Now that I'm officially laid off from the winery, I'm working way more hours than I'd like and more than I did before the layoff. They're desperate, though not enough to offer me a raise, never mind all the money they're saving now that two employees are gone. It's a skeleton crew, for sure. Good thing we're not busy.
The trade winds have died out lately, leaving us with bouts of thick and not-so-tasty vog. I went to the gym today anyway. It wasn't so bad indoors.

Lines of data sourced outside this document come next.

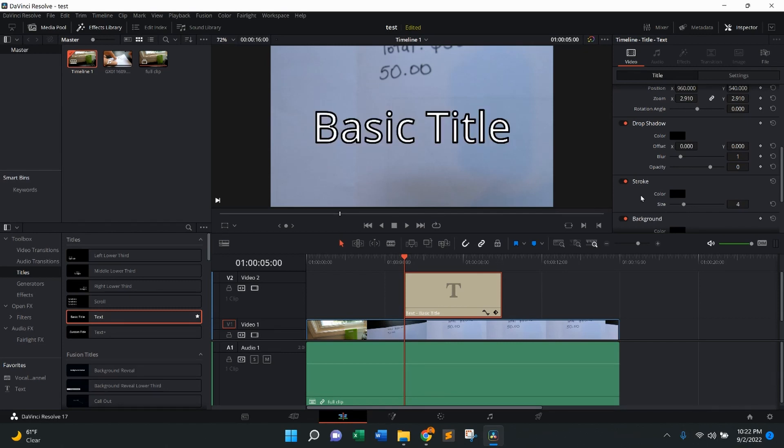The benefit of having a stroke or an outline is if the background and the text are relatively similar in color, it's going to make it much easier to see with that dark outline or whichever color outline that you prefer. And that right there was how to outline text in DaVinci Resolve.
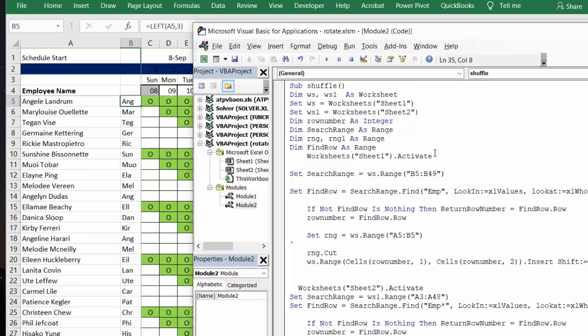And so now what I do is I activate sheet one. And then I set search range equals B5 to B49. So that's as far as we will ever have anybody in there. And so then what I'm looking for is the EMP. We are looking for the cell that says EMP. And when we find that cell, we'll know that that's the last row of our list.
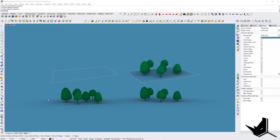Hello guys! In today's tutorial I will be talking about the ways you can use Grasshopper to project any kind of object that you want onto a surface which is not flat. In this example we're going to play around with trees.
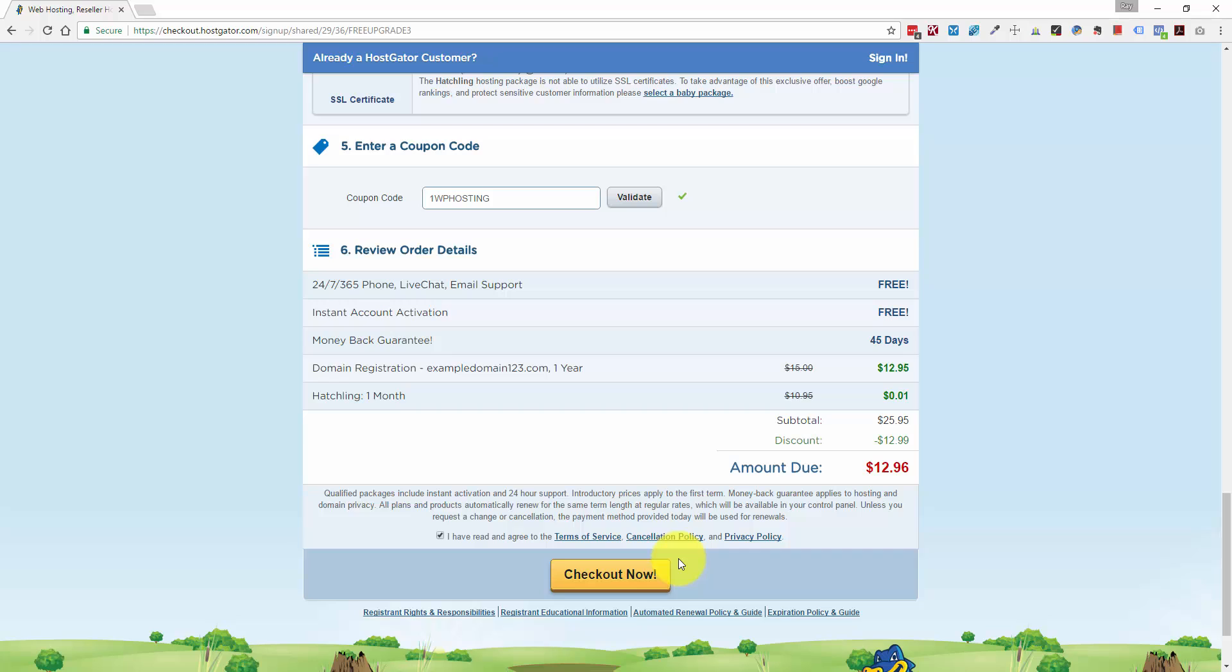And the cPanel is where you manage the details of the hosting for your domain. So if you wanted to set up email addresses or email forwarders, you would do it through cPanel. And that's also where you install WordPress. So that's the next step. I'm going to log into the cPanel and show you how to install WordPress.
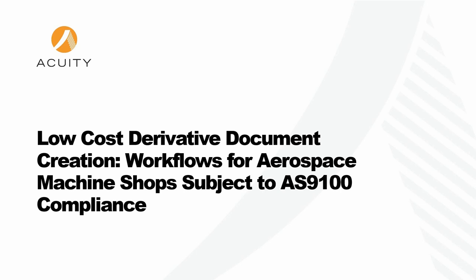This is Andy Schaffers with Acuity. Today I've got a presentation and demonstration on low-cost derivative document creation. This presentation should be of interest to AS9100 Aerospace Machine Shops.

Pippy the pip squeak decided to climb me not once, but three times today, from ankle shoulder. I was not wearing long pants. At first, I though he just needed some love. So I cuddled him, scratched his head, rubbed his tummy, listened to him purr and put him down. The second time, he seemed to confuse me for a tree. Down he went, a little faster this time and with a cry of pain that scared Hopps, the dog. The poor little fella (Pip, that is) looked bewildered. By the third ascent, I realized he was interested in the open can of cat food there on the counter. I had just fed the big kitties. So I gave him a little morsel and he was happy. It's hard to be mad at such a little guy, but man, did that ever hurt! Each puncture caused a welt. Blood oozed out and hardened into coagulated blobs atop each hive, like tiny, active volcanoes. Pippy is an excellent climber.
We've decided to forgo the Christmas tree this year. The babies are a bit too active and would be uncontrollable around dangling ornaments. We'll keep the decorations to a minimum and bring 'em all out next year, when we're all grown up. Well, when they're grown up. I don't plan to do that. Nope. Not ever.
A hui hou. Aloha!
Tuesday, December 02, 2008
Bye bye sweet Crawford, so loyal and brave, always keeping a watchful eye on mommy. Bossy, cheerful, following along, no need for a leash, bringing us all home. May heaven be filled with all the treats you could want, prairie dogs to chase, cows to round up and petties from grandpa. He'll take you for rides in his truck. Here on earth, my heart is broken. I love and miss you. You'll always be my girl.